Table-top nuclear fusion

Researchers in the United States have achieved thermonuclear fusion using table-top laboratory equipment: and before you ask, this isn't a replay of the largely discredited 'cold' fusion reported a few years ago. Writing in Nature [8 April], Todd Ditmire and colleagues from the Lawrence Livermore National Laboratory in Livermore, California describe how they used compact but powerful lasers to excite thermonuclear fusion in a jet of deuterium ('heavy' hydrogen) gas. The deuterium is cooled to minus 170 °C, so in that sense only, the fusion is 'cold'.

Although the researchers achieved a respectable yield of fusion neutrons - comparable with those found in large-scale laser fusion experiments - their compact experimental set-up means that many researchers will have access to sources of neutrons for all kinds of research applications in their own research institutes, without having to travel to use the giant-sized facilities only found in the very largest national-level laboratories.

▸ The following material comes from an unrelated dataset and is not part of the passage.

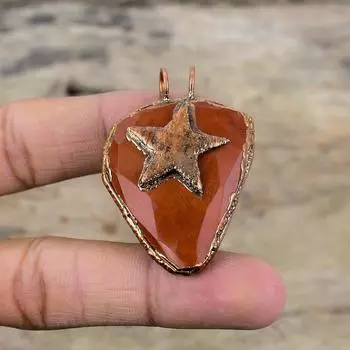 Кулон из ограненного сердолика, гальванопластический медный кулон, ювелирное изделие ручной работы, подвеска из драгоценного камня, гальванопластическое ювелирное изделие, подвеска в виде звезды, подарок на годовщину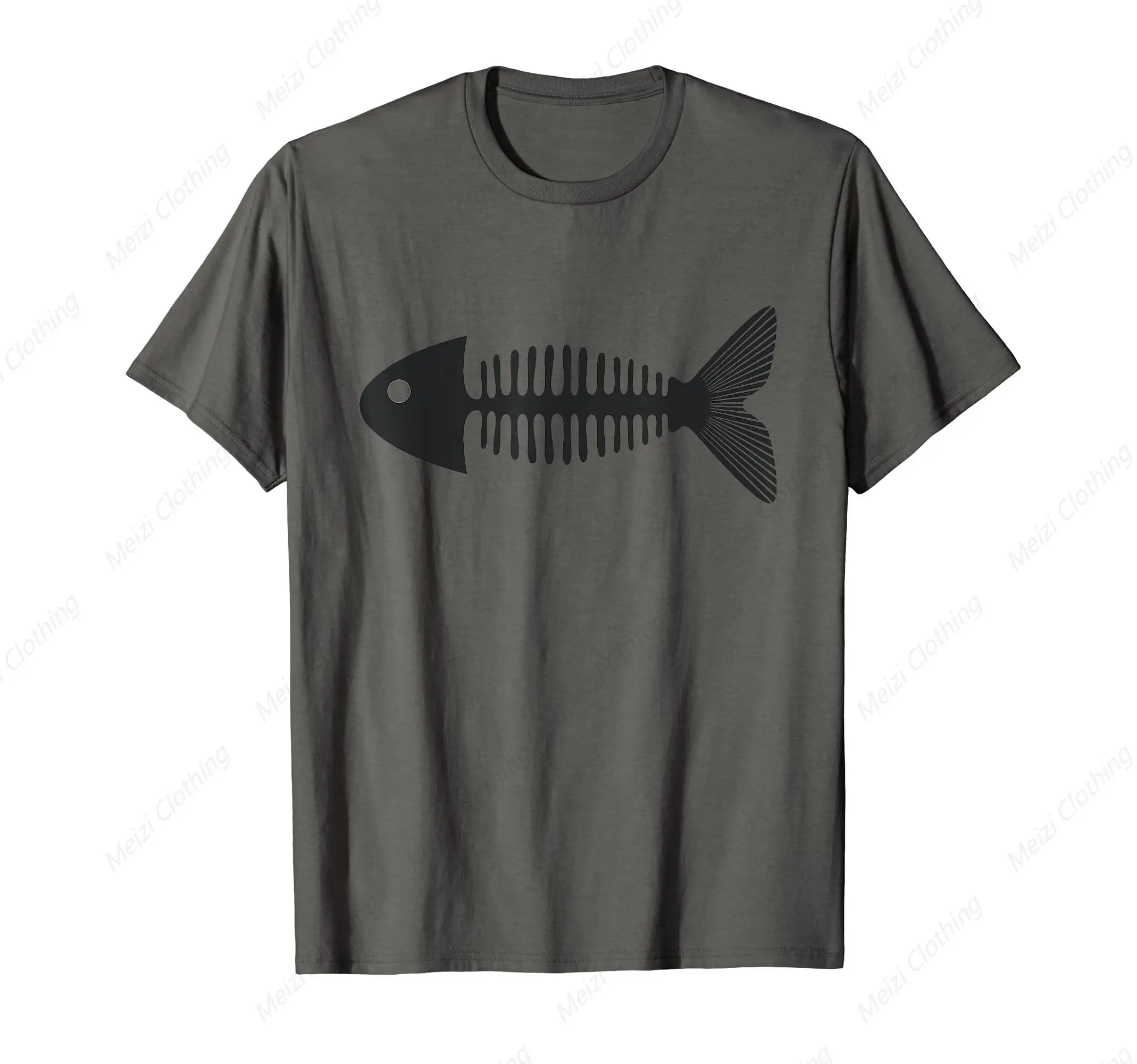 Fun Fish Bone Hip Hop Street T-shirt Fashion Personalized Short Sleeve Men's and Women's Cotton Casual T-shirts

Livermore is just such a laboratory, and prides itself on research engineering on a grand scale. The Nova laser at Livermore routinely produces fusion neutrons by subjecting materials to intense blasts of coherent light - but the Nova facility is as big as an aircraft hangar, and the barrel of the laser is like the trunk of a giant redwood tree laid on its side. But since the end of the Cold War, Livermore scientists have been encouraged to see the beauty in smallness, so Ditmire and his colleagues in the Laser Program at Livermore have been experimenting with fusion using a variety of laser-based techniques. Their latest report is about what happens when intense but extremely brief laser pulses (of the order of femtoseconds - that is, billion-billionths of a second) are fired at 'clusters' of deuterium atoms. 'Clusters' represent an intriguing no-man's-land, halfway between atoms and molecules on the one hand, and bulk materials on the other. They have all kinds of interesting properties, and their response to laser excitation is one of them.

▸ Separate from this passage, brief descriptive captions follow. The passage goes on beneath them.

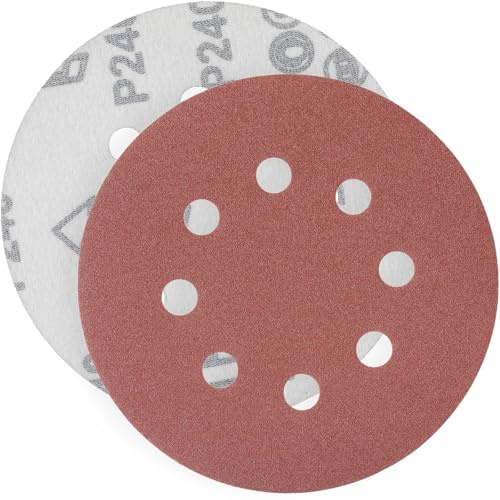 YoiYee 240 Grit Sanding Discs 125mm 8 Hole Orbital Sander Pads, 20 Pack | Hook and loop backing, premium aluminium oxide abrasive, tear-resistant paper, dry sanding, printed grit numbers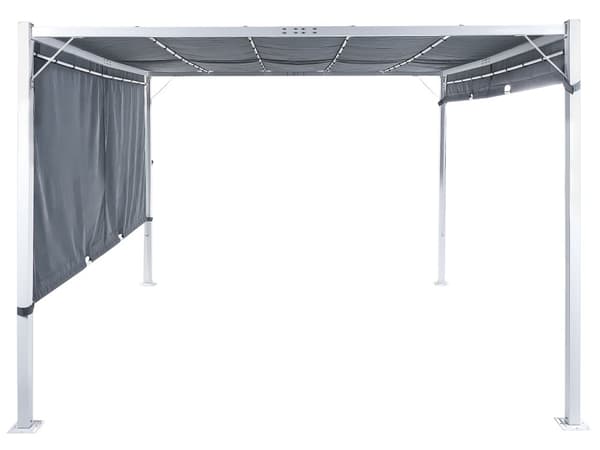 Puutarhakatos harmaa 310 x 215 x 310 cm teräs polyesteri LED-valot säädettävä aurinkopaneeli moderni
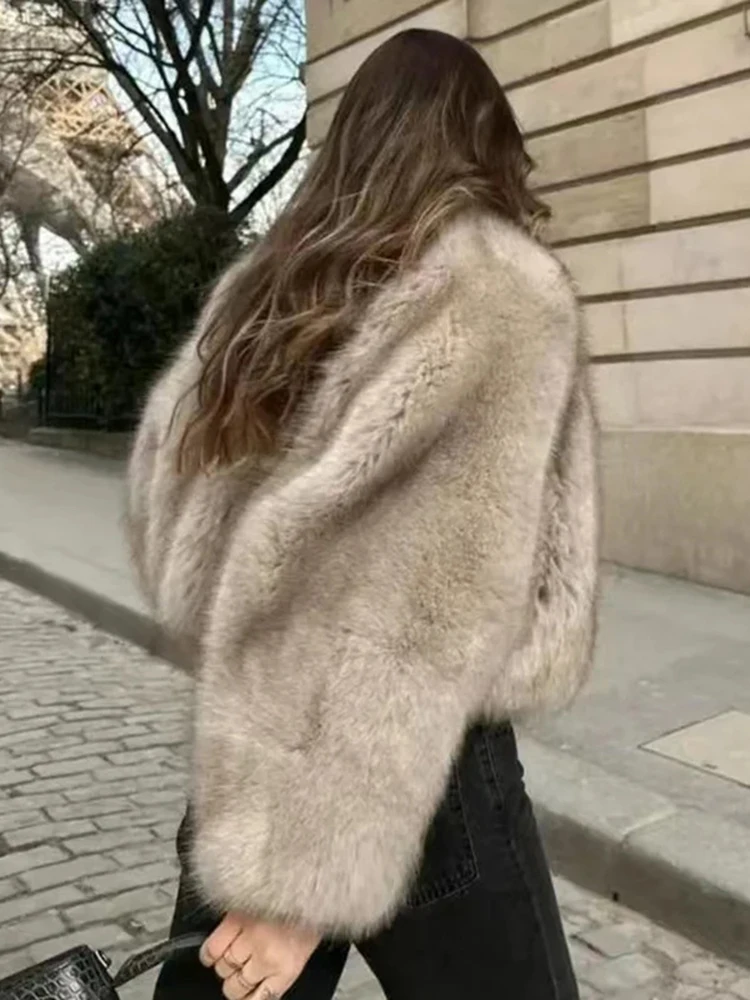 DEAT Fashion Faux Fur Coat Women's V-neck Loose Long Sleeve Thick Warm Short Imitation Fox Fur Coat Winter 2024 New 7AB6347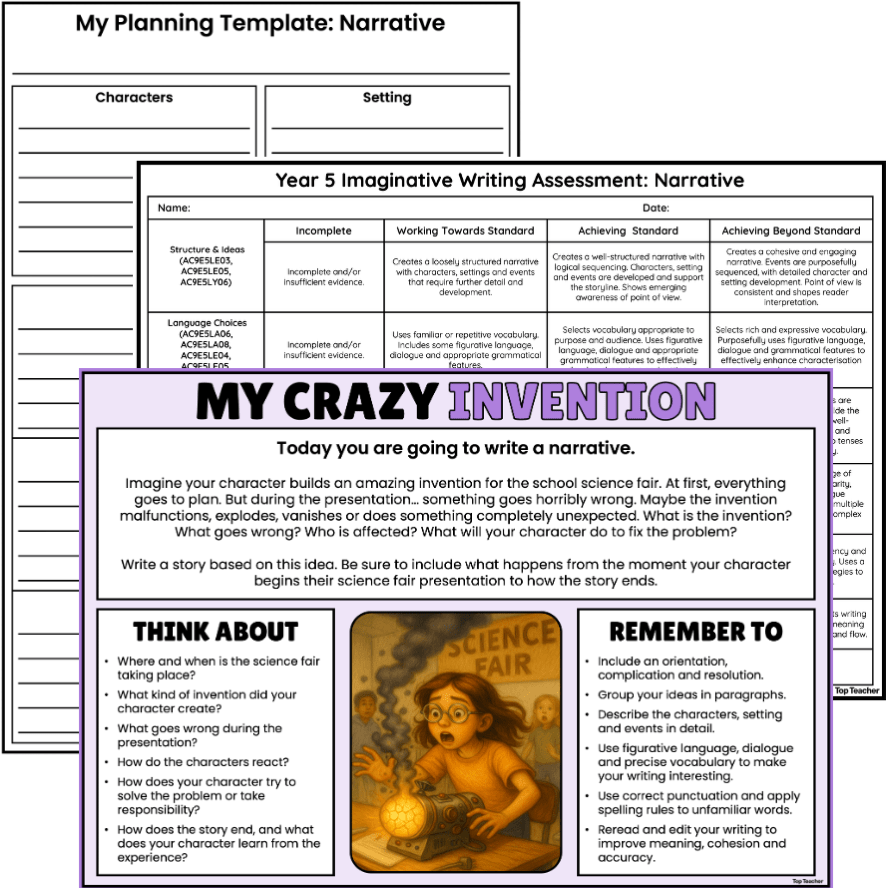 Year 5 Imaginative Writing Assessment - My Crazy Invention Narrative Top Teacher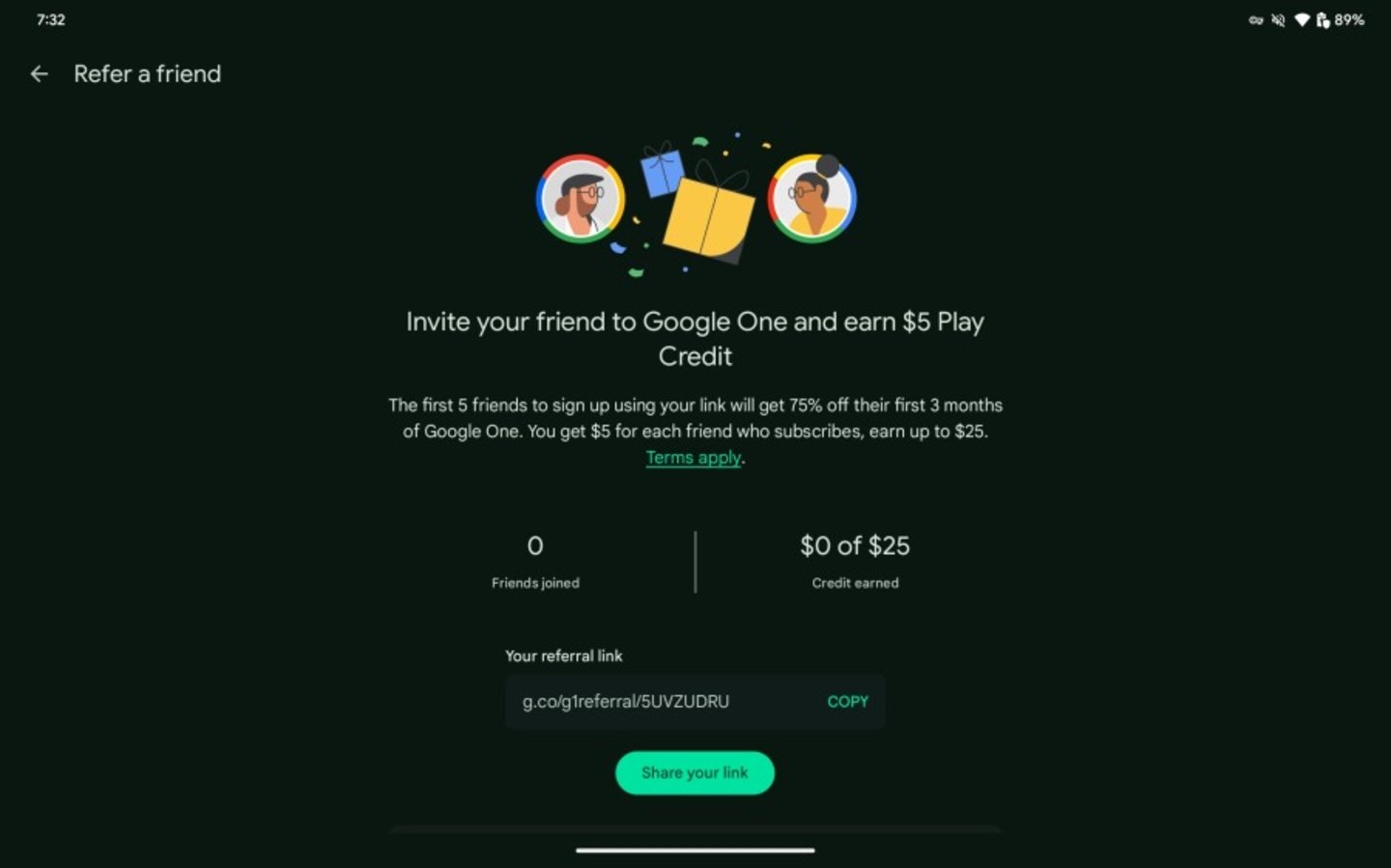 Google te premiará por invitar a amigos y familiares a suscribirse a Google One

Laser light passing through large clusters - of 1,000 atoms or more - dislodges electrons from the constituent atoms. As a result, these atoms acquire an electric charge - that is, they become 'ions'. Heated and energized by the laser light, the dislodged electrons form a strong electric field that radiates outwards from the cluster. This electric field agitates the ions, leading to a small explosion as the cluster can no longer contain the energy it has absorbed from the laser.

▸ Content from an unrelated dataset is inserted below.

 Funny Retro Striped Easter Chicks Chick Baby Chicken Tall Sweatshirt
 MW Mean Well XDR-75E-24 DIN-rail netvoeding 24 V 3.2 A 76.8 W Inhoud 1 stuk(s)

The researchers put these small explosions to work: by energizing a gas jet of deuterium atoms, they produced explosions in which deuterium ions accelerating out of clusters had a strong chance of colliding with accelerated deuterium ions from adjacent clusters with sufficient woomph to create nuclear fusion - the deuterium ions would fuse to create helium nuclei, releasing neutrons of a characteristic energy.